*What is being asked:*
The lines running from the one that contains "Garantie de Germination" to the end of the records below are what to reproduce, exactly and without pictures.

───── Material provided

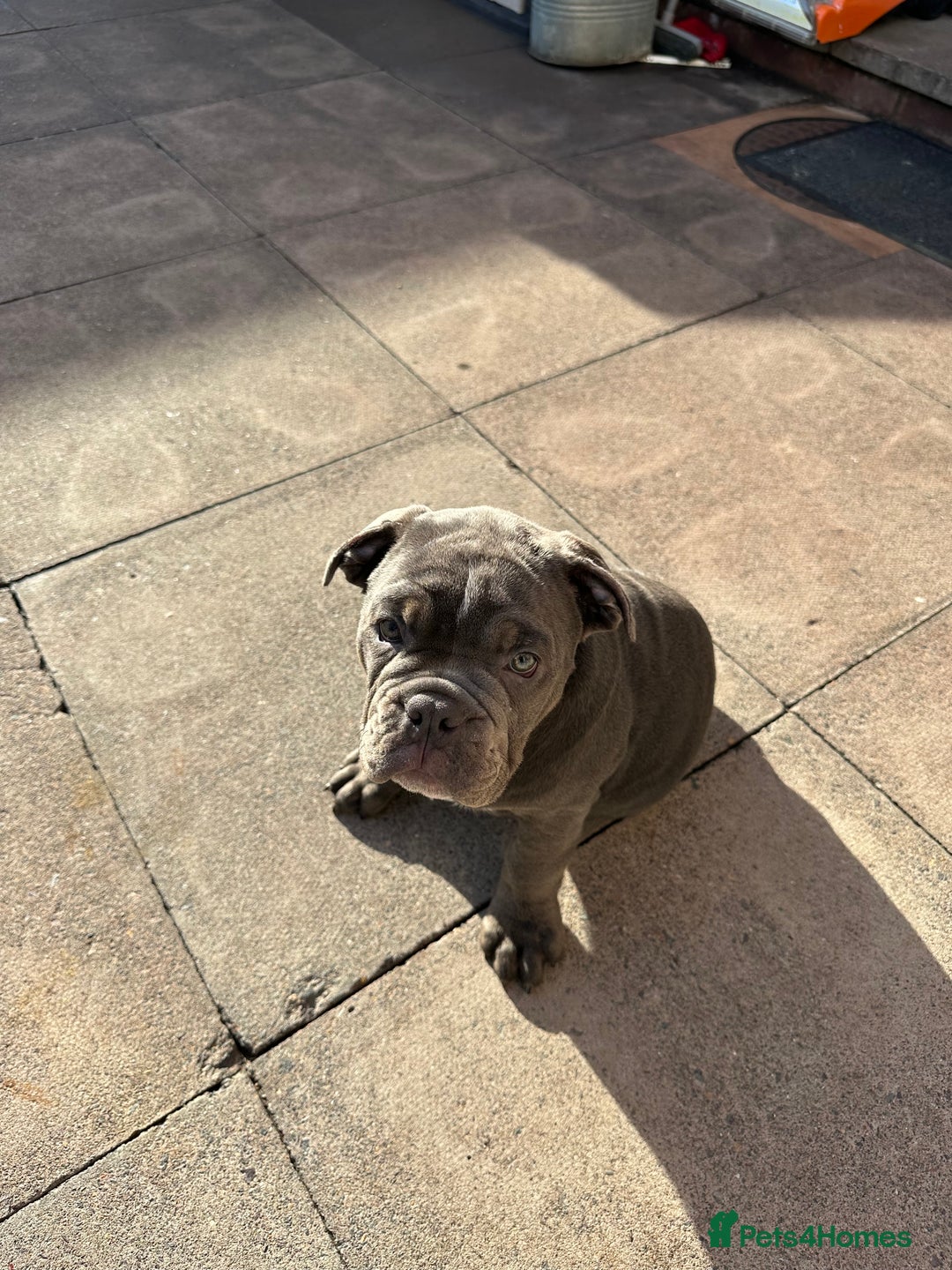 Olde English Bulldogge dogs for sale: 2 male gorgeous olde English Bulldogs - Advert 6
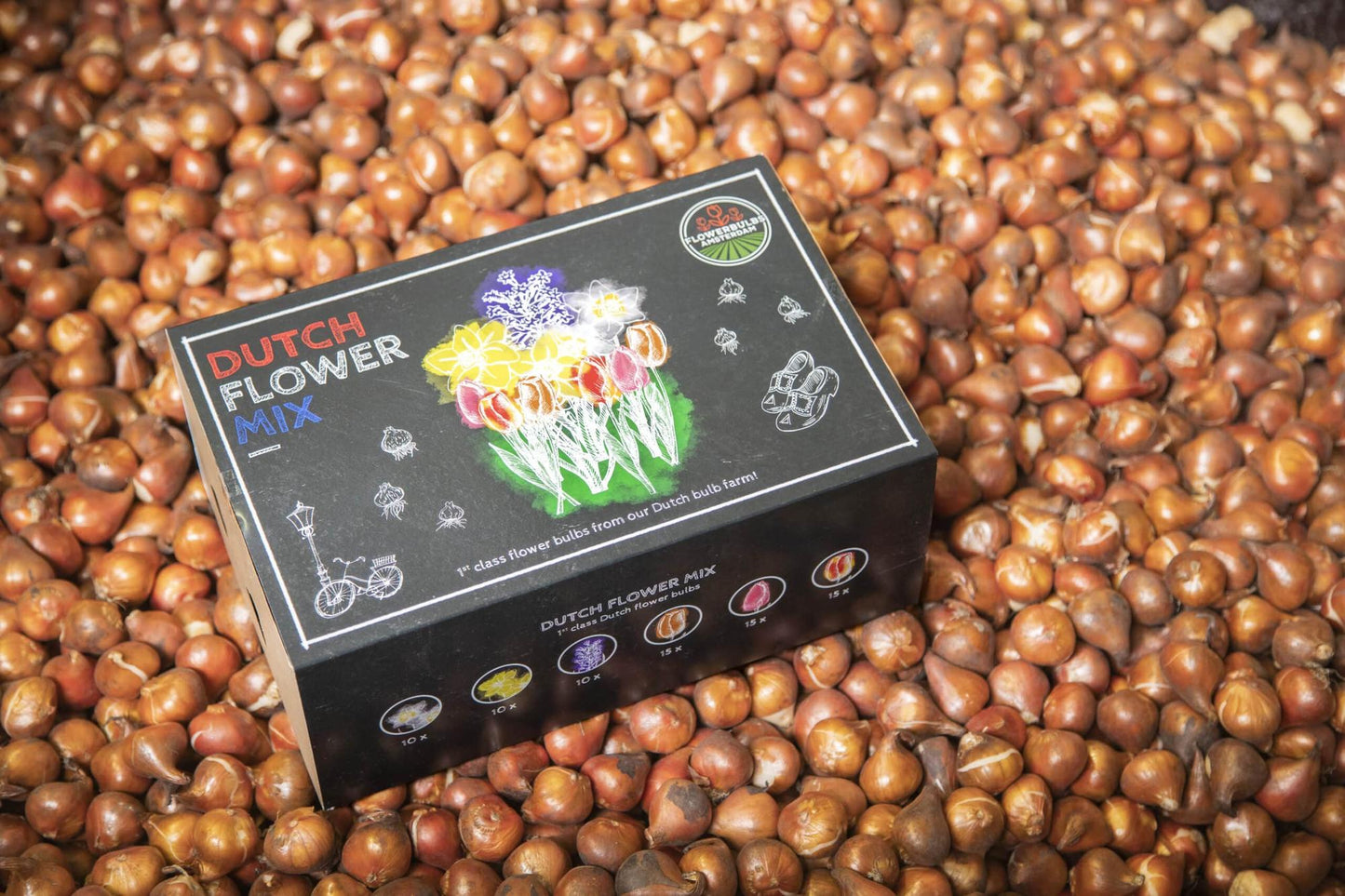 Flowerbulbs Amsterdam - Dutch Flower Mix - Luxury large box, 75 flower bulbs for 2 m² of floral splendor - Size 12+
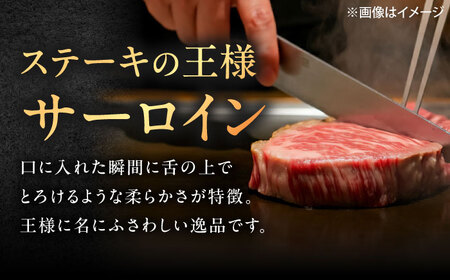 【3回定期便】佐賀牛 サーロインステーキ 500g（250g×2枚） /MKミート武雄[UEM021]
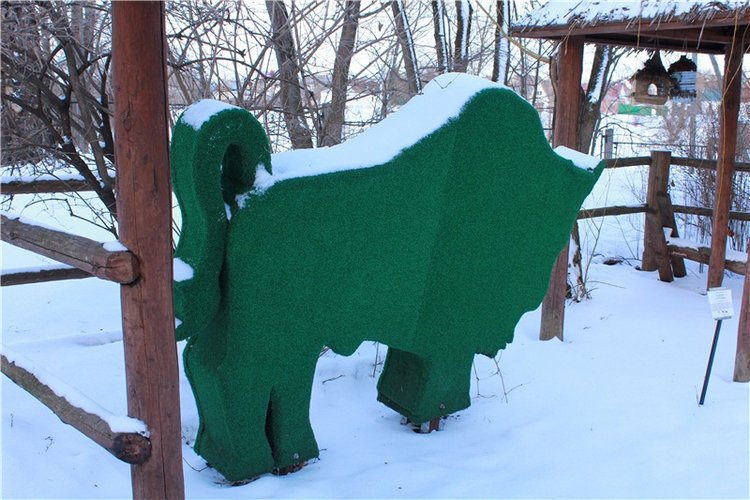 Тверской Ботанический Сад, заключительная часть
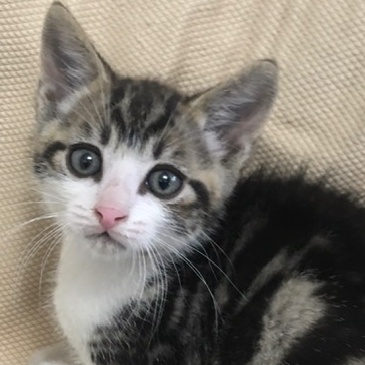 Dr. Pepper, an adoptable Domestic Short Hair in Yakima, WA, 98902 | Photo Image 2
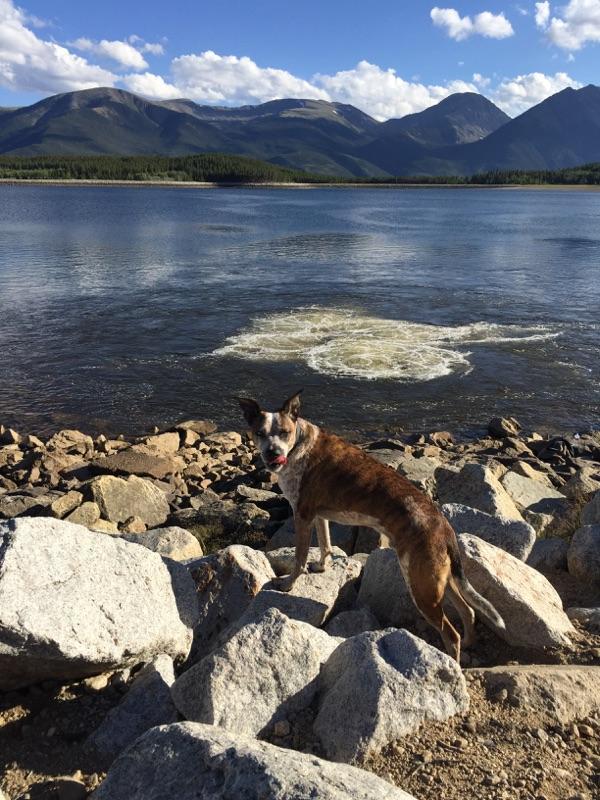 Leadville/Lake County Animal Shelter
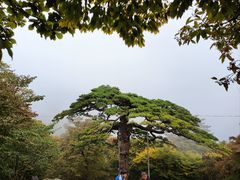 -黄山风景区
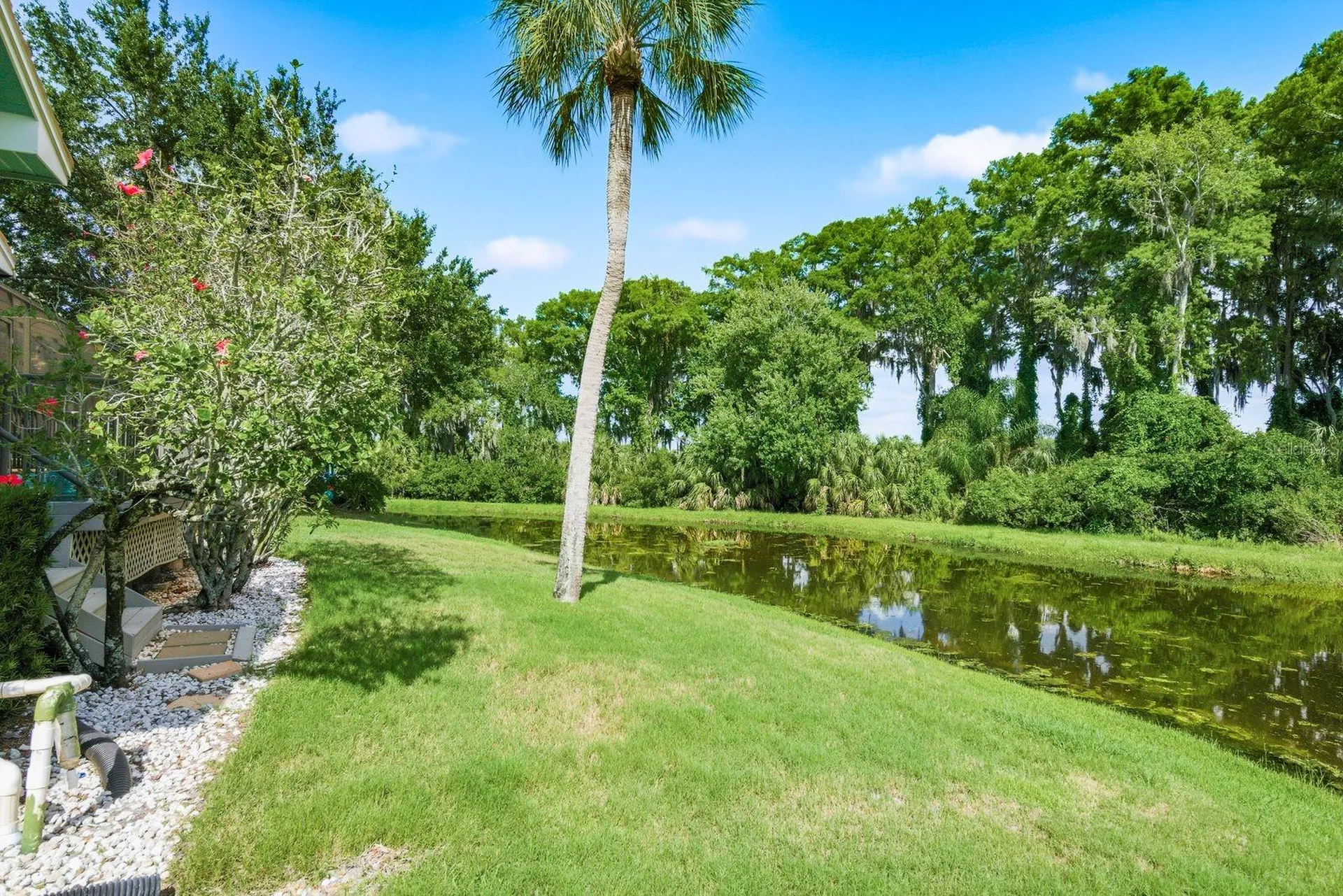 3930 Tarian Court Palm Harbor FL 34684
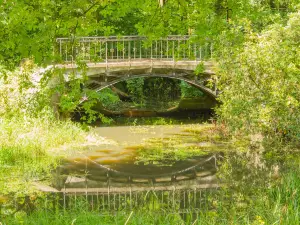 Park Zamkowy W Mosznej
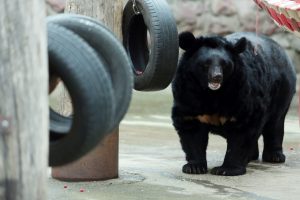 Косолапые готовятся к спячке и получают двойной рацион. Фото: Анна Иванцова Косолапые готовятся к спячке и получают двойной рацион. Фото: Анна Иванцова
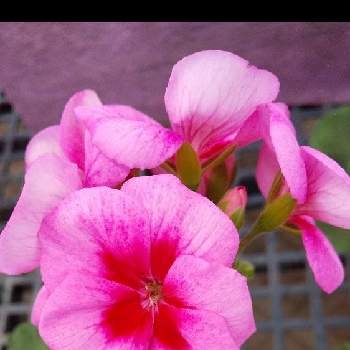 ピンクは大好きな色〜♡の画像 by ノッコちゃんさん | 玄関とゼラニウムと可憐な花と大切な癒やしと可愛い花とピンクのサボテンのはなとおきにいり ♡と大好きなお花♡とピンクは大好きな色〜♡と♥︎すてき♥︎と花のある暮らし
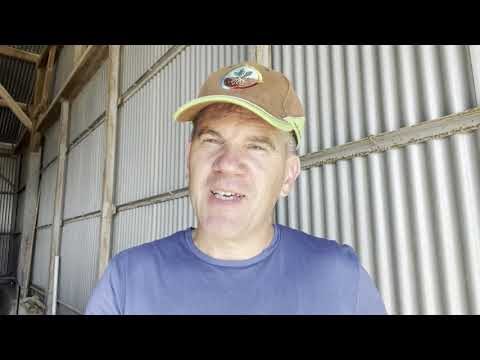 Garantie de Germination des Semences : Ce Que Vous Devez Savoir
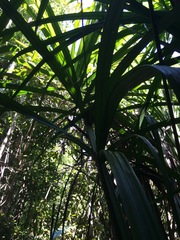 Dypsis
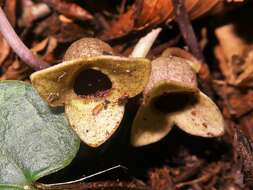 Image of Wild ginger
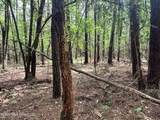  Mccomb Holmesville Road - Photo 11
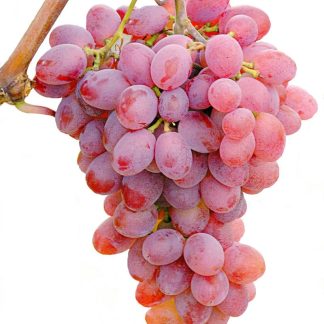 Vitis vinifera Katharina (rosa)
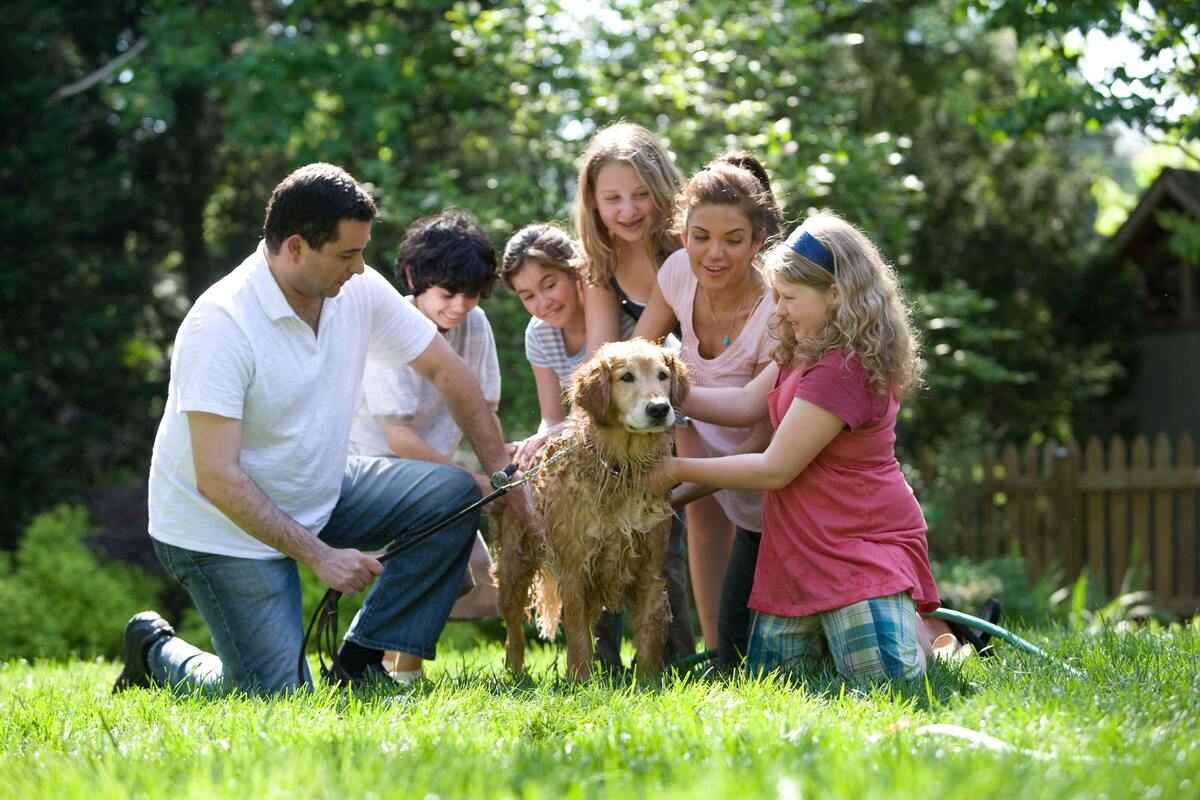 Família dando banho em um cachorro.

──────────

*Answer section:*
 Garantie de Germination des Semences : Ce Que Vous Devez Savoir
 Dypsis
 Image of Wild ginger
  Mccomb Holmesville Road - Photo 11
 Vitis vinifera Katharina (rosa)
 Família dando banho em um cachorro.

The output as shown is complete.